Overall, this inspires us to consider polyamines and their derivatives as potential stress-tolerant parts to address the limited stress tolerance of S. cerevisiae cell factories.

Considering the important role of heat in bio-fermentation, 2023 SCU-BES-China aims to enhance the thermotolerance of S. cerevisiae cell factories by manipulating the expression of different kinds of polyamines, such as spermidine and thermospermine.

We achieved our goal from four aspects.

First, we planed simply to add different concentration of spermidine into culture media and investigate whether spermidine confers thermo-tolerance capabilities to wild type strain.

Second, we planed to use CRISPR/Cas9 to replace the endogenous OAZ1 in S. cerevisiae with the SPE1 or SPE1-AtACL5 to weak the effect of OAZ1, which encodes an antizyme of SPE1 and decrease directly the amount of putresine. And the SPE1 or SPE1-AtACL5 can confer synthesis ability of putresine and thermospermine to wild type strain. Then we will examine its thermo-tolerance capabilities.
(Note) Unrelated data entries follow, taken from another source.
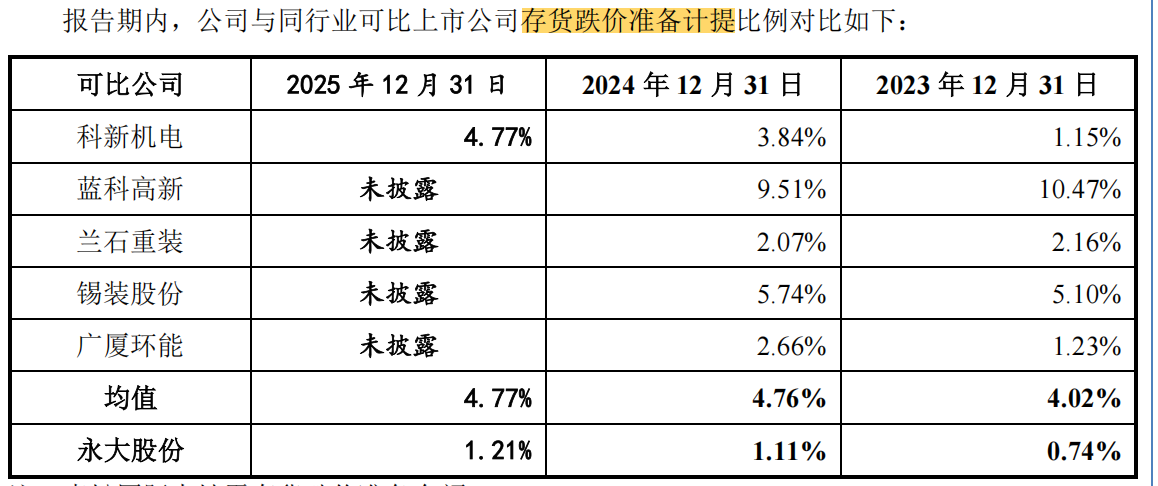 电鳗财经｜永大股份IPO：最新招股书5000万募资补流项目“卡掉” 扩产项目募资缩减1.5亿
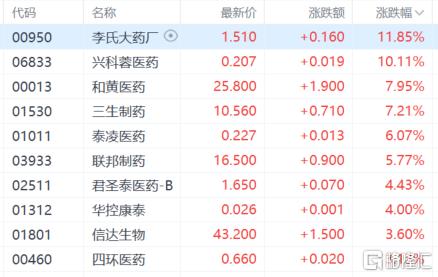 港股收评：科指大跌3.39%失守6000点，内房股与物管股普跌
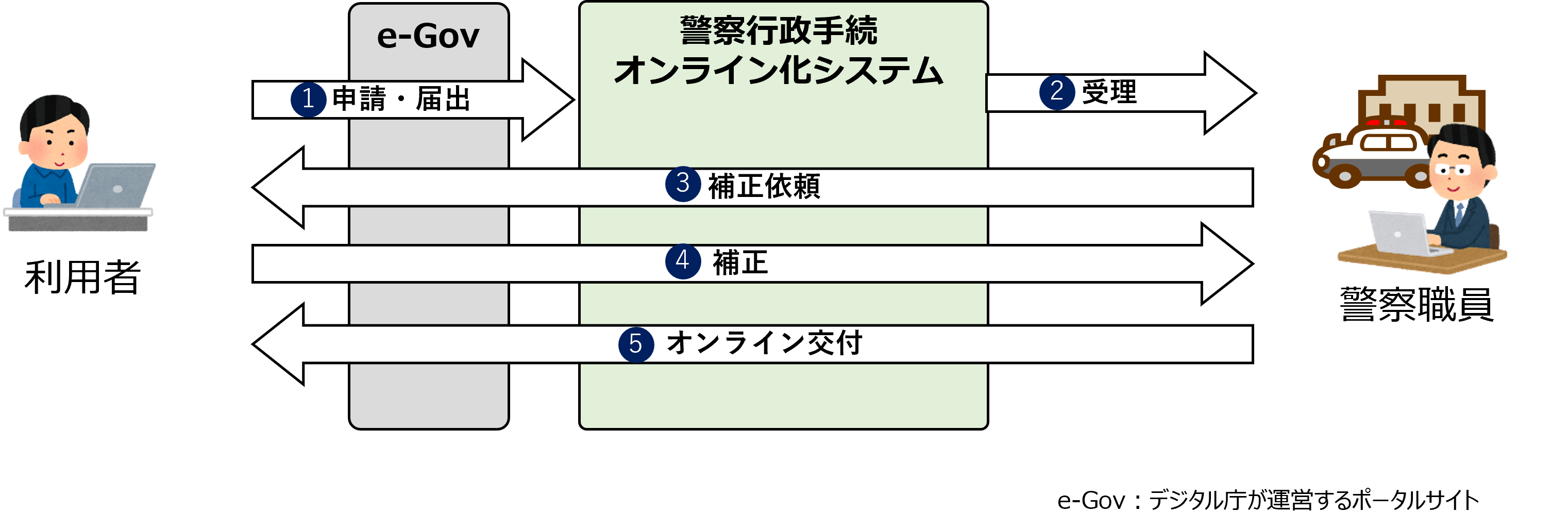 警察行政手続オンライン化イメージ図
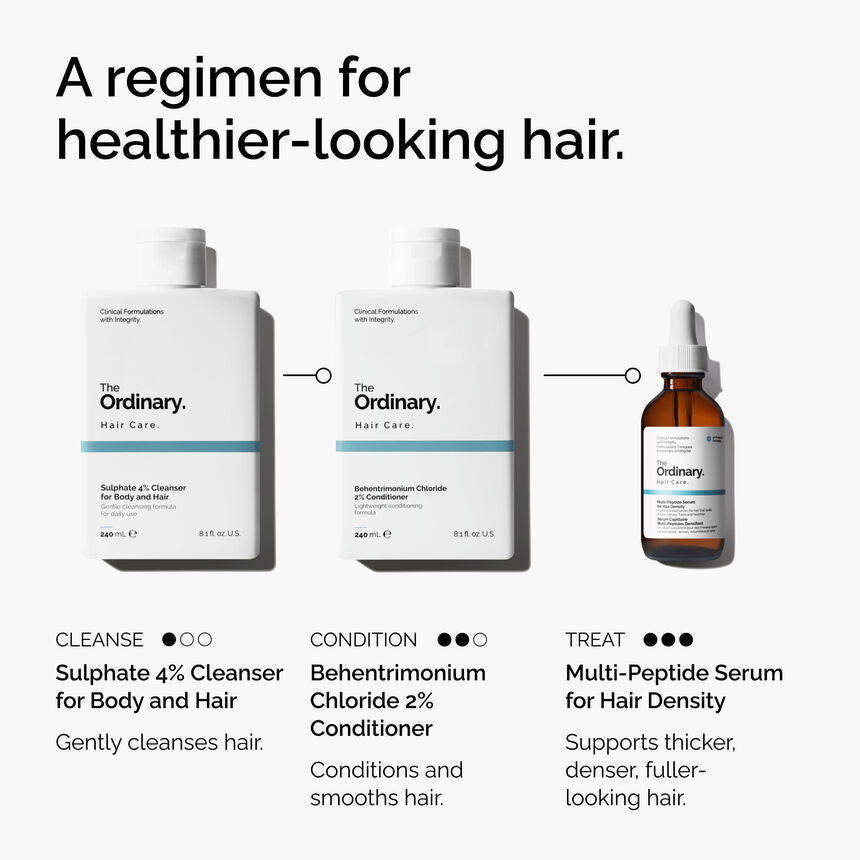 The Ordinary New Arrival Sulphate 4% Cleanser for Body and Hair - Image 5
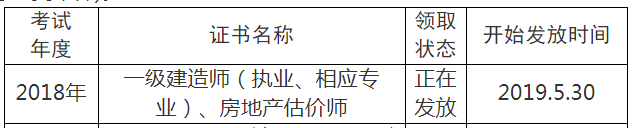 Ĵ_(d)2018һ(j)쎟ϸCI(lng)ȡr(sh)g֪ͨ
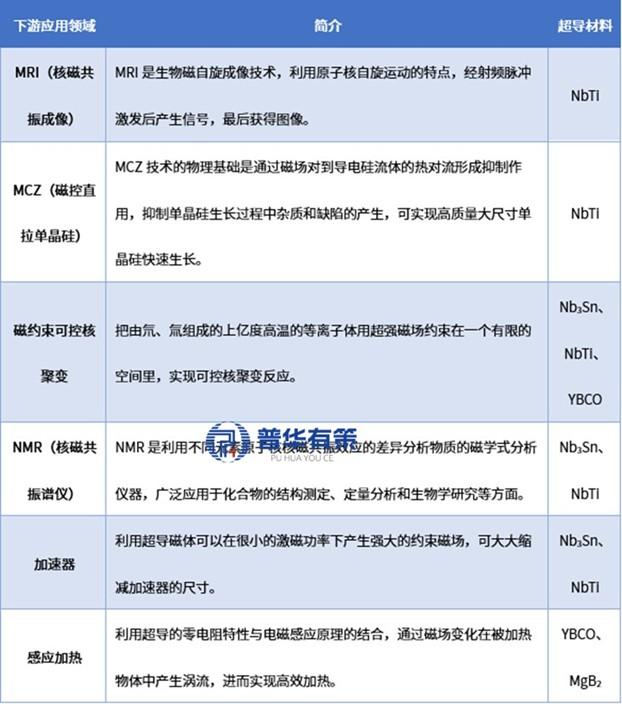 超导科技前沿股票代码,超导科技前沿股票代码是什么 超导科技前沿股票代码,超导科技前沿股票代码是什么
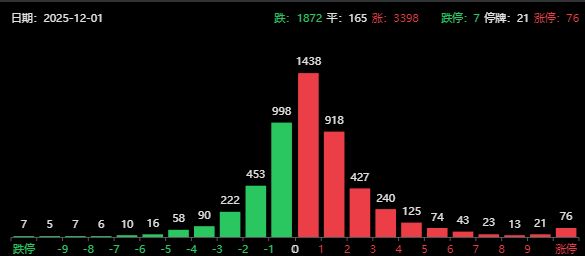 两大利好！A股收复3900点，离岸人民币升破7.07，中兴通讯涨停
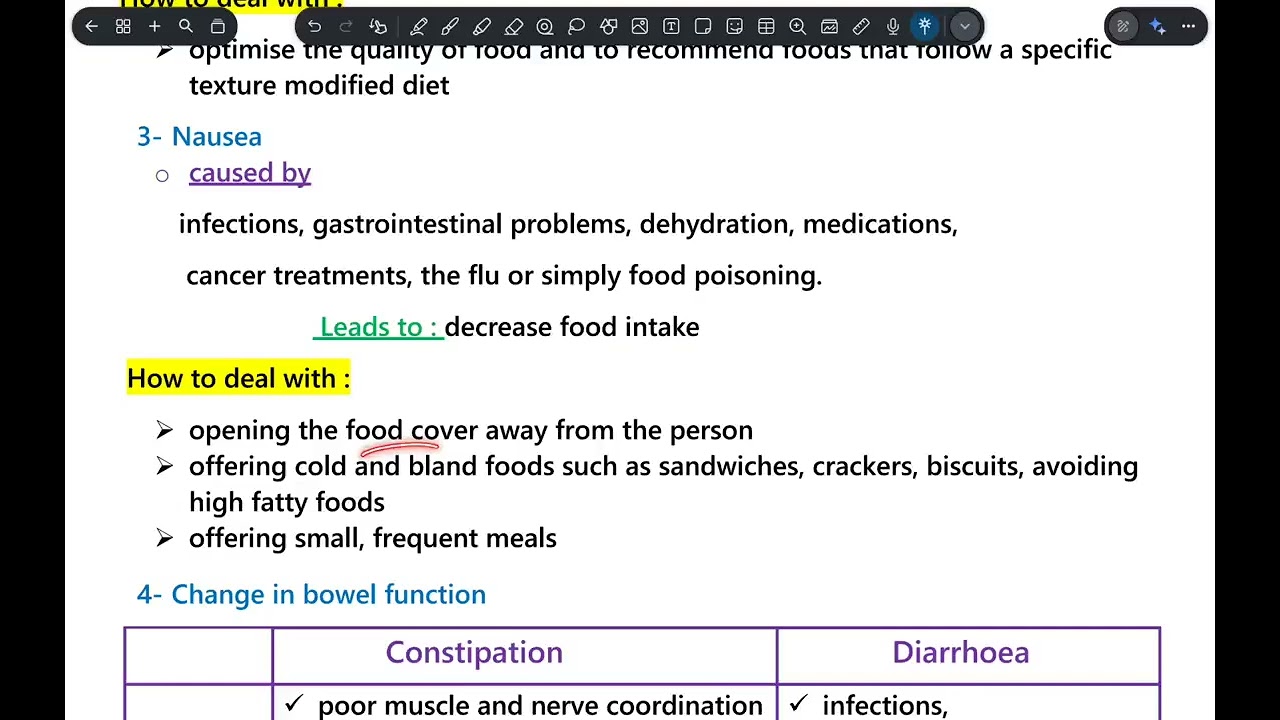 Pract 5 ll Geriatric nutrition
Third, we planed to express SPE1(which is from yeast itself and can increase the accumulation of putresine, the detailed information of this gene can be found in our part page), AtACL5(which is from Arabidopsis thaliana and can increase the accumulation of thermospermine, the detailed information of this gene can be found in our part page) and both by plasmid in OAZ1Δ strain and to examine its thermo-tolerance capabilities.

Fourth, we planed to fine-tune the expression levels of SPE2(which is a S-adenosylmethionine decarboxylase, catalysing SAM into dSAM. dSAM provides the source of the propylamine group, which is the foundation of polyamine.), SPE3(In yeast, spermidine is formed by the addition of a propylamine moiety to putrescine, catalysed by an aminopropyltransferase termed spermidine synthase (SPDS, namely SPE3), with S-methyl-5’-thioadenosine (MTA) as a co-product.), and AtACL5 by plasmid in the OAZ1Δ::SPE1 strain and subsequently assessed their thermo-tolerance capabilities.